3.3 : Questions 17 à 20 — Êtes-vous aligné en interne et prêt financièrement ?
Question 17 : votre équipe en France sait-elle qu'un collaborateur offshore va rejoindre le dispositif ? Si vous gardez le secret, attendez-vous à de la résistance passive quand le nouveau devra interagir avec vos salariés. L'annonce en amont n'est pas optionnelle. Question 18 : avez-vous budgété au moins six mois fermes ? L'outsourcing ne produit pas de ROI en quinze jours. Le premier mois est du ramp-up. Le deuxième, de la stabilisation. Le vrai rythme de croisière arrive au troisième mois. Couper à deux mois parce que "ça ne va pas assez vite" est le meilleur moyen de transformer un investissement en perte sèche. Question 19 : avez-vous une vision claire de ce que vous ferez du temps libéré ? Si vous externalisez votre saisie comptable pour "avoir plus de temps" sans savoir à quoi vous allouerez ce temps, vous n'aurez rien gagné. Le temps libéré doit être fléché : prospection, stratégie, développement produit. Sinon il se dissout. Question 20 : si l'externalisation fonctionne, êtes-vous prêt à scaler ? Passer d'un à trois collaborateurs en six mois est fréquent quand le modèle fait ses preuves. Si votre organisation ne peut pas absorber cette croissance, anticipez dès maintenant. La méthode pour scaler de 1 à 5 ETP en 90 jours pose le cadre.

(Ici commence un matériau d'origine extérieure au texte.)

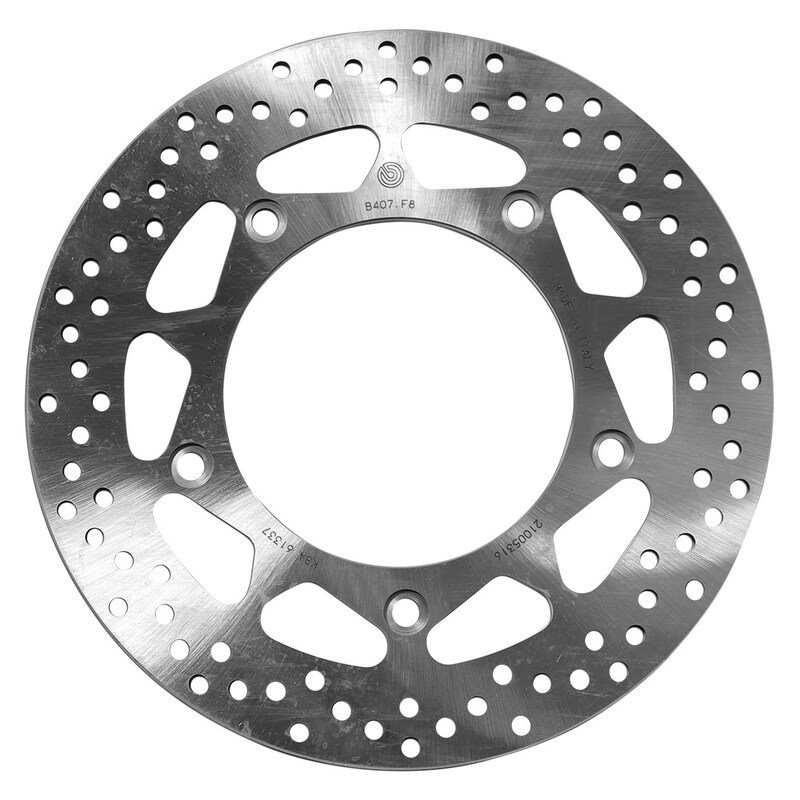 Disco de freno Brembo 68B407F8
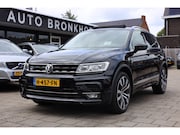 Volkswagen Tiguan - 2.0 TSI 4MOTION | R-LINE | PANO | CAMERA | TREKHAAK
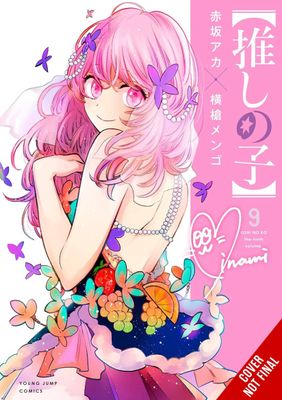 OSHI NO KO TP VOL 09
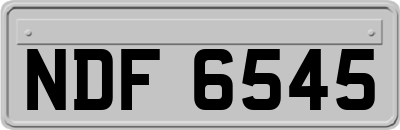 NDF6545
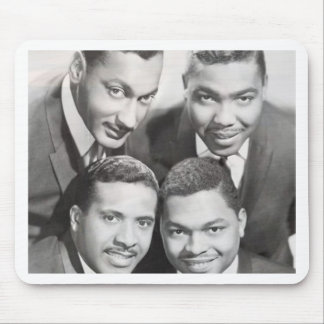 Mousepad the-big-four2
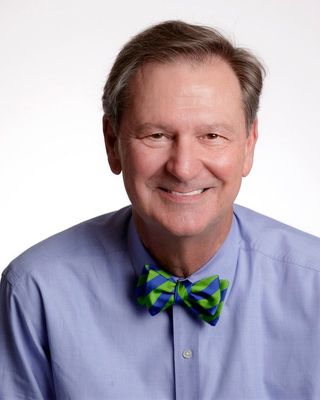 Photo of Howard M Turney, PhD, Marriage & Family Therapist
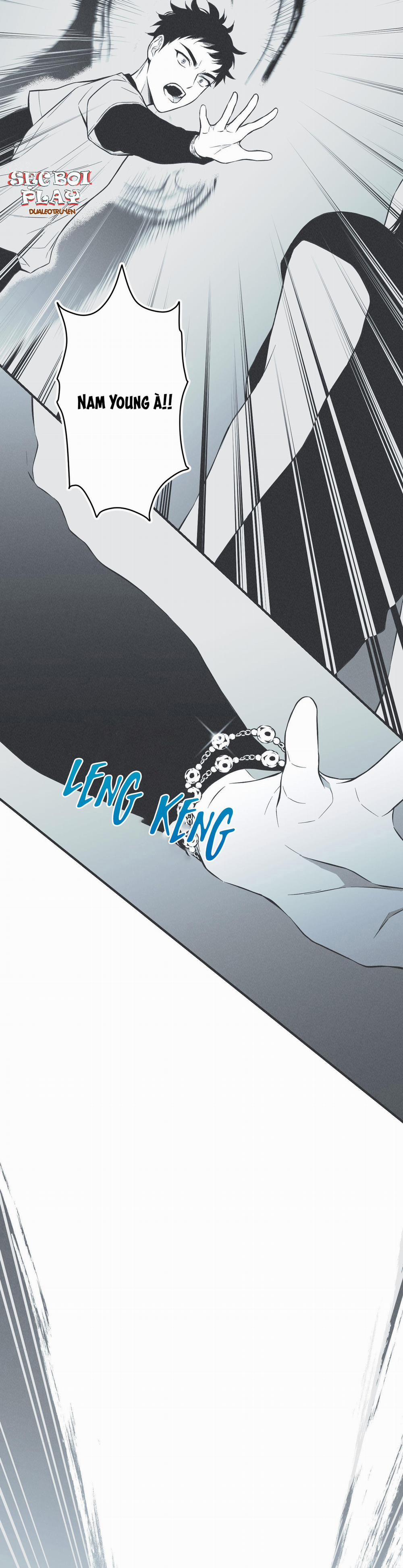 VÒNG XOÁY CỦA RẮN 6 trang 34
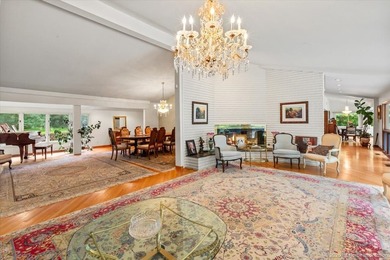 WOW!! Nestled on an extraordinary 1.75-acre wooded estate in - photo 20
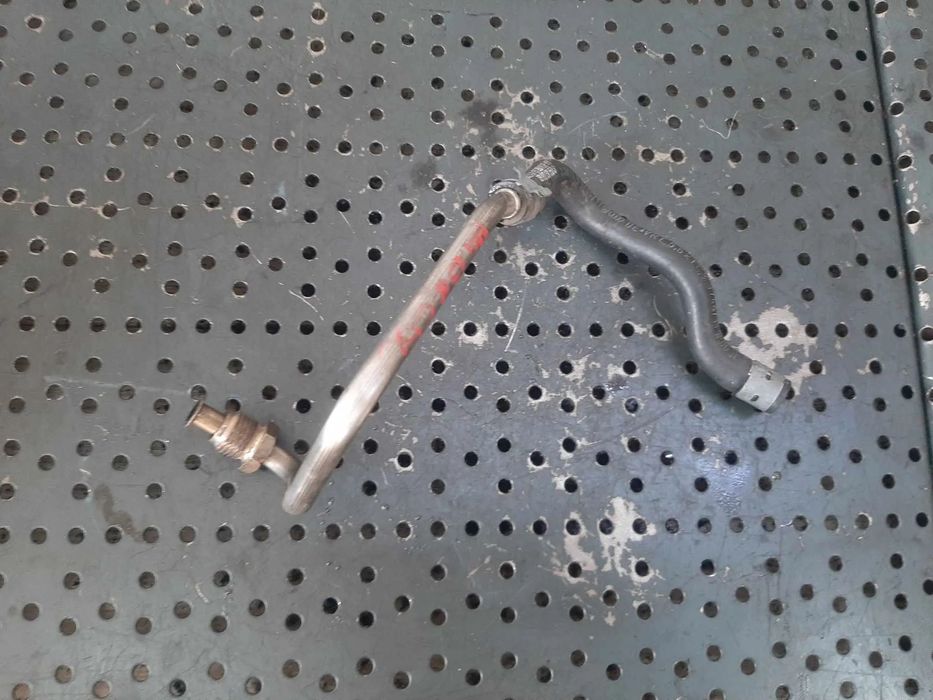 conducta presiune filtru particule cgl 2.0 tdi  audi a4 b8  4g0131850h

Votre score de maturité décide de votre calendrier, pas de votre ambition
Reprenez ces 20 questions. Comptez vos "oui" francs. 15 à 20 : vous pouvez lancer dans les 15 jours. 10 à 14 : vous avez un mois de préparation devant vous, documentation, outils, alignement interne. Moins de 10 : externalisez d'abord votre préparation à l'externalisation, commencez par documenter une seule fonction, testez votre capacité à briefer par écrit, identifiez votre référent. Ce diagnostic ne dit pas "n'externalisez pas". Il dit "externalisez au bon moment". La différence entre une externalisation qui rapporte et une qui coûte, c'est rarement le prestataire. C'est la qualité de ce que vous lui transmettez le jour 1. Chaque semaine que vous passez à repousser ce travail préparatoire est une semaine où vos concurrents, eux, produisent déjà avec une équipe dédiée à Antananarivo.